Prevention of Money Laundering Act, 2002

Banking Awareness: Prevention of Money Laundering Act, 2002

Prevention of Money Laundering Act, 2002

Prevention of Money Laundering Act, 2002was enacted in the Parliament of India to prevent money-laundering.

The PMLA 2002 defines the purpose of the act as:

  • To prevent money laundering,
  • To provide for confiscation of property derived from money-laundering and
  • for matters connected therewith or incidental thereto.

Number of sections in PMLA 2002: there are 75 sections in the Prevention of Money Laundering Act, 2002

Amendments in PMLA 2002: The PMLA 2002 has been amended three times- in the year 2005, 2009 and 2012.

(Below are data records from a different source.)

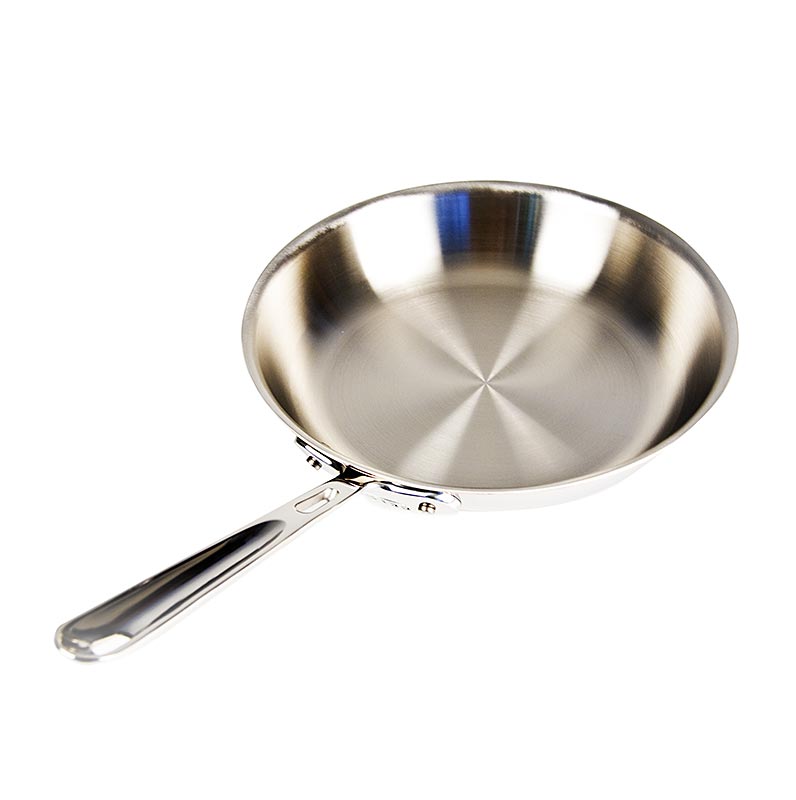 ALL-CLAD - Pfanne mit Kupferkern, 25,4 cm Ø, Copper-Core® - 25,4 cm Ø - Karton ALL-CLAD - Pfanne mit Kupferkern, 25,4 cm Ø, Copper-Core® - 25,4 cm Ø - Karton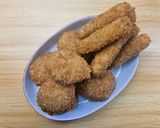 Foto langkah ke 11 dari resep Chicken Nugget Homemade.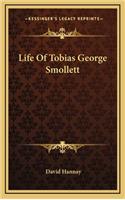 Life of Tobias George Smollett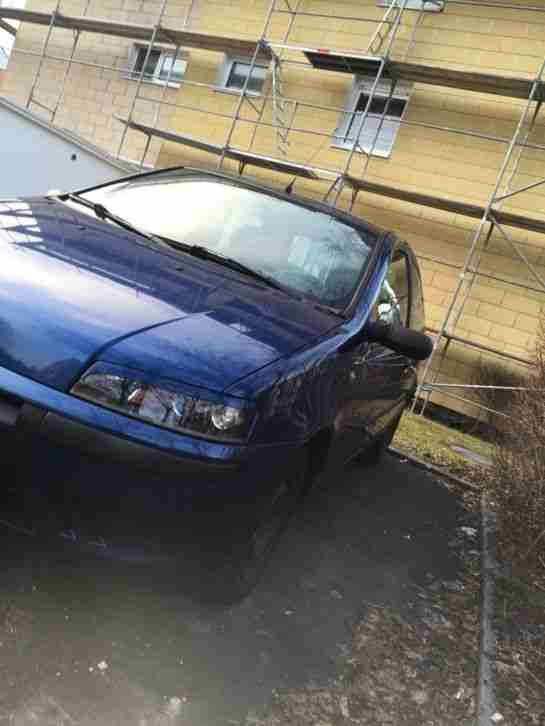 Fiat Punto 1, 2 8V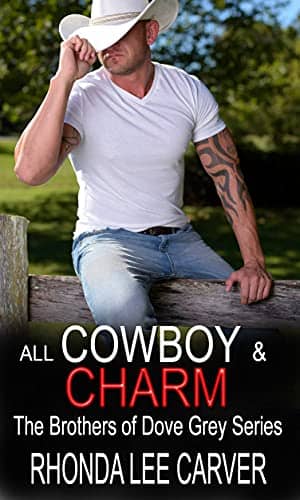 All Cowboy and Charm
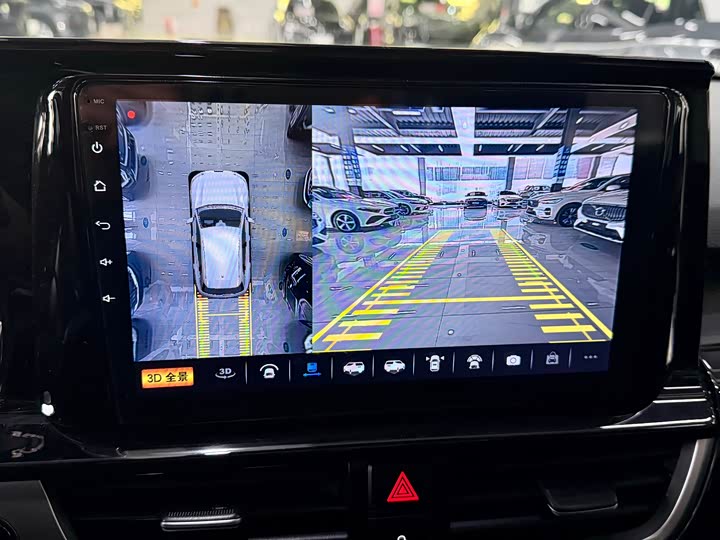 Kia KX3 2021 2021款 1.5L CVT焕新版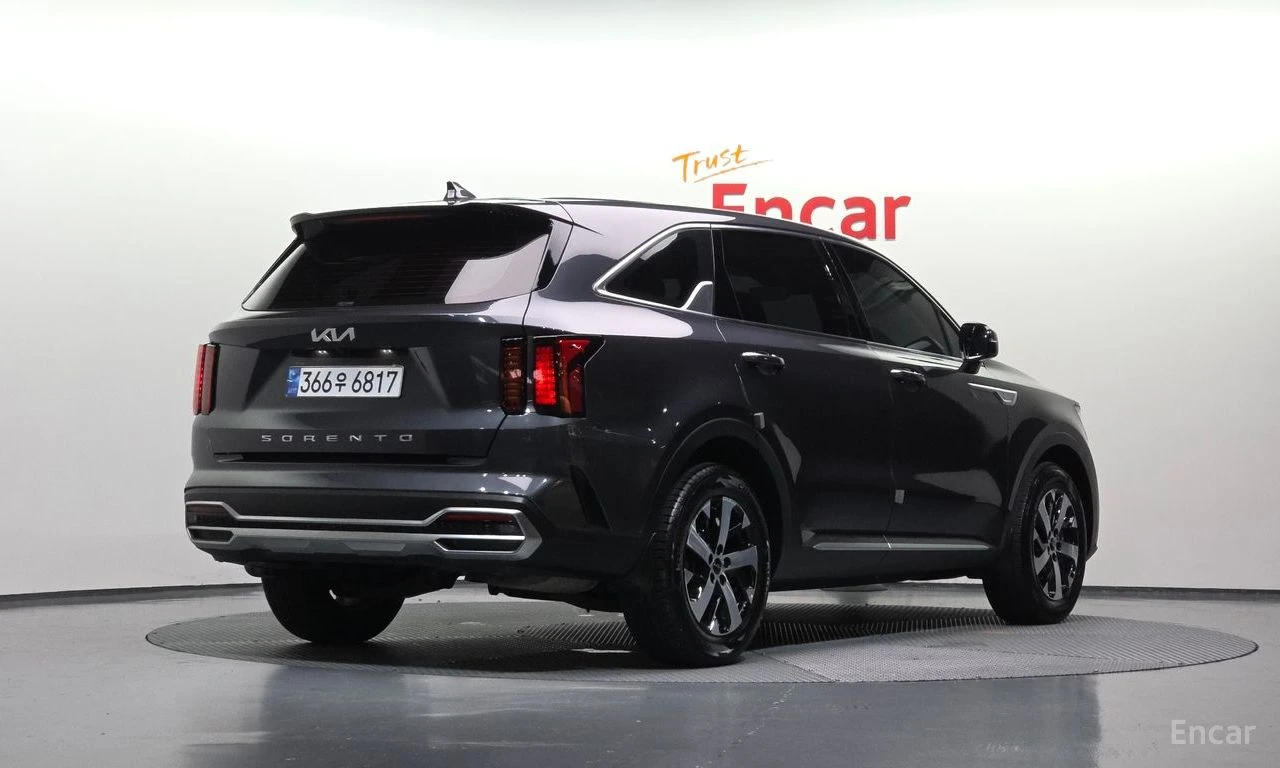 Kia Sorento 2.5T* ПОДГРЕВ* КАМЕРА* LANE* ASSIST* , снимка 2 - Автомобили и джипове - 55775901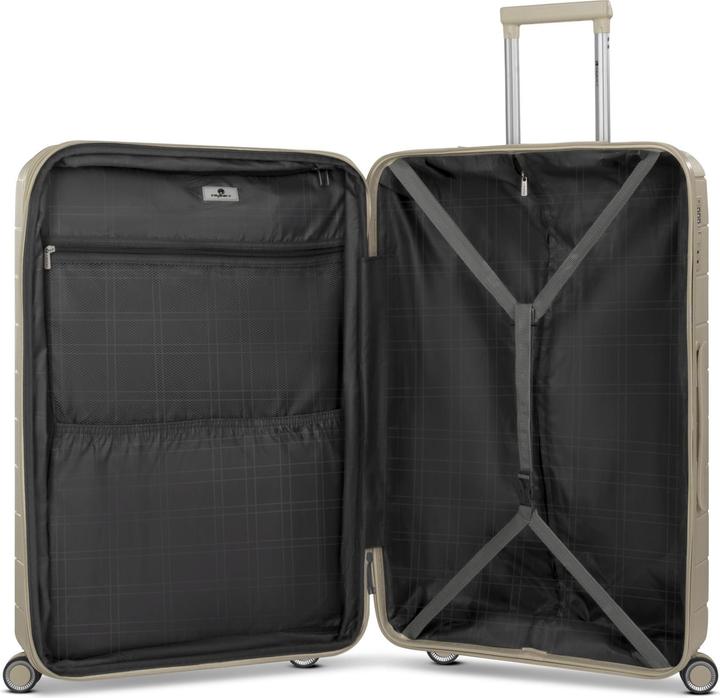 Immagine prodotto Franky Londra 4 (91 l, XL (da 115l))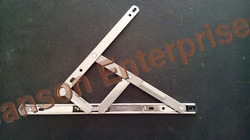 Friction Stay Hinge Application: Window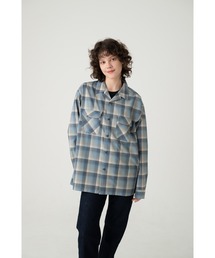 PENDLETON（ペンドルトン）の「オープンカラー・シャツ（シャツ/ブラウス）」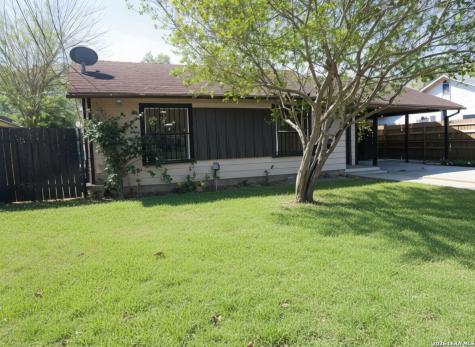 1210 Mccauley San Antonio TX 78224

PMLA 2002 came into force with effect from July 1, 2005

Some important points related to the Prevention of Money Laundering Act, 2002

  • The offence of Money Laundering has been defined in Section 3 of the Prevention of Money Laundering Act, 2002 (PMLA).
  • Punishment for Money-laundering- may vary from 3 years to 7 years and fine which may extend upto Rs 5 lakhs.
  • However, the maximum punishment may extend to 10 years instead of 7 years in cases where the proceeds of crime involved relate to any offence under paragraph 2 of Part A of the Schedule (This includes- Offences under the Narcotic Drugs and Psychotropic Substance Act, 1985).

Financial Intelligence Unit – India (FIU-IND)

Financial Intelligence Unit – India (FIU-IND) is the central national agency that is responsible for receiving, processing, analyzing and disseminating information relating to suspect financial transactions in India.

It was set by the Government of India vide Office Memorandum dated 18th November 2004.

FIU-IND is an independent body. It reports directly to the Economic Intelligence Council (EIC) that is headed by the Finance Minister.